Dell’Oro highlights that both McData and Brocade sold quite a bit of equipment through the big three. EMC and IBM alone account for 67 percent of McData sales, while EMC, IBM and HP move 71 percent of Brocade’s business.
“With them consolidating, these OEMs don’t have to test both sets of equipment in the future,” says Dell’Oro. “They will save millions of dollars. The question is, will they pass that on to the customer?”
What customers will gain, at the very least, is an easier time on the education front. No longer will they have to train staff on both sets of gear and tie up resources trying to make them interoperate. But less choice is not always a good thing.
“How would you like it if you only had one butcher shop to go to?” says Dell’Oro.
“We now have one less choice,” says Karp. “Fewer competitors do not classically result in lower prices.”
Karp believes the big winner in all this could be QLogic. While it doesn’t have a competitive high-end product, QLogic offers plenty of low-end and midrange switches, as well as its extensive line of HBAs.
“Those looking for an alternative source might just pay more attention to QLogic,” says Karp.
Buy or Wait?
So should users give Brocade and McData gear a wide berth until the dust settles? Or should they plunge in and see if they can get a good deal in the interim?
“Most people tend to hold off,” says Dell’Oro. “They want an informed decision and generally prefer to wait it out.”
Unfortunately, this attitude often spills over to competitive offerings too. Thus, the fallout from the merger could also adversely affect sales of Cisco switches. As a result, there are likely to be bargains to be had as these companies seek to bolster sales in what could be a temporarily weakened market.
For those in desperate need or those willing to take a gamble, what should be done? Both Karp and Dell’Oro emphasize longevity.
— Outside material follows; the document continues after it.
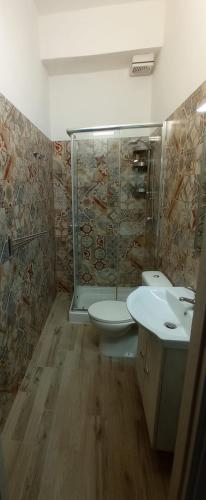 Bilik mandi di Ciccina Rooms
“The lifecycle of data networking equipment is around four years,” says Dell’Oro. “Companies generally stand behind their products for this length of time or more, so whatever people purchase now, they should be fine.”
Karp takes that a step further.
“If you buy anything from any company at this time, make sure you get in writing that the product will be supported for four years,” he says. “That must cover tech support as well as the keeping of adequate spare parts.”